Second, the state should expand the Local Effort Assistance program. Under Washington’s school finance system, the state funds 100% of what the Legislature deems a basic education. Districts are free to enact local levies, and these funds support “enrichment” programs, rather than basic education. But some districts are far better positioned than others to generate these enrichment funds.

Large disparities in local property wealth — gaps created in part by a history of unfair housing practices such as redlining and racial covenants — mean that some districts generate substantially less funding than other districts at the same tax rate. Yakima School District’s average property value is about $380,000 per student, while Mercer Island boasts $3.5 million per student. The disparity allows Mercer Island residents to benefit from lower property tax rates for schools: The district levies a property tax of $0.75 per $1,000, and generates the state maximum of $2,500 in enrichment funds. Yakima levies roughly the state maximum local property tax for schools of $2.50 per $1,000 and receives $920 per student in enrichment funds. Further analysis shows Yakima is part of a broader pattern, causing systemic racial and economic disparities in funding across the state of Washington.

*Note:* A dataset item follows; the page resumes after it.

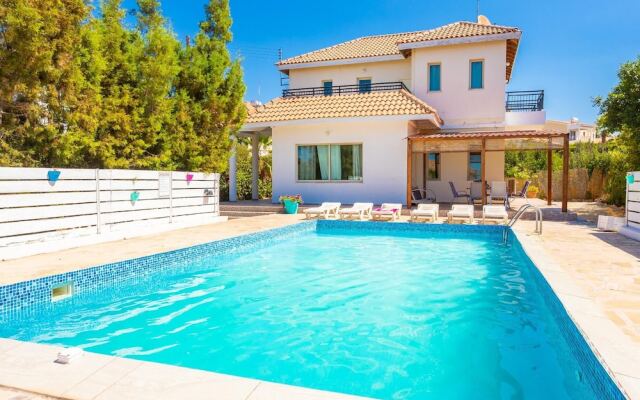 Villa Archimedes in Peyia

The state needs to bolster the Local Effort Assistance program to provide robust matching funds. Currently the state only ensures districts can generate at least $1,550 per student in local enrichment funds, below the state average of $1,855. The poorest districts should be able to generate at least as much as the wealthiest districts if they choose to pass the same tax rates. In Texas, for example, the state matches enrichment levies up to the 85th percentile of district property wealth. This means the poorest districts generate the same local tax revenues for each 1% increase in local property taxes as the wealthiest districts in the state.

Third, the state needs to address capital funding, which covers new construction, seismic upgrades, ventilation improvements and the like. In Washington, local school districts are responsible for 87% of school construction and upgrade costs, while the state accounts for only 13% of funds. When school districts need to build new schools to address growing enrollment, or to comply with the state’s class-size reduction mandates, they must rely on local property tax revenues.

The Office of Superintendent for Public Instruction has a program to assist school districts with school construction and maintenance, but the program funds only a portion of construction costs, and not all districts are eligible. In many other states, such as Massachusetts, Ohio and Wyoming, the state funds a far larger share of capital costs.

Why doesn’t Washington have a progressive school finance system? One factor — the state’s Supreme Court case, McCleary v. Washington, was about adequacy (the amount of funding available), not equity (how funding is distributed). In other words, plaintiffs argued for expanding the pie, not distributing slices more equitably. While Washington has a “paramount duty” to adequately fund the public school system, the state lets more wealth and income go untaxed than most other states.

Washington residents should not accept an education system where districts receive equal funding despite large differences in need. To align the state’s progressive political ideology and constitutional language, state legislators need to create a progressive school finance system.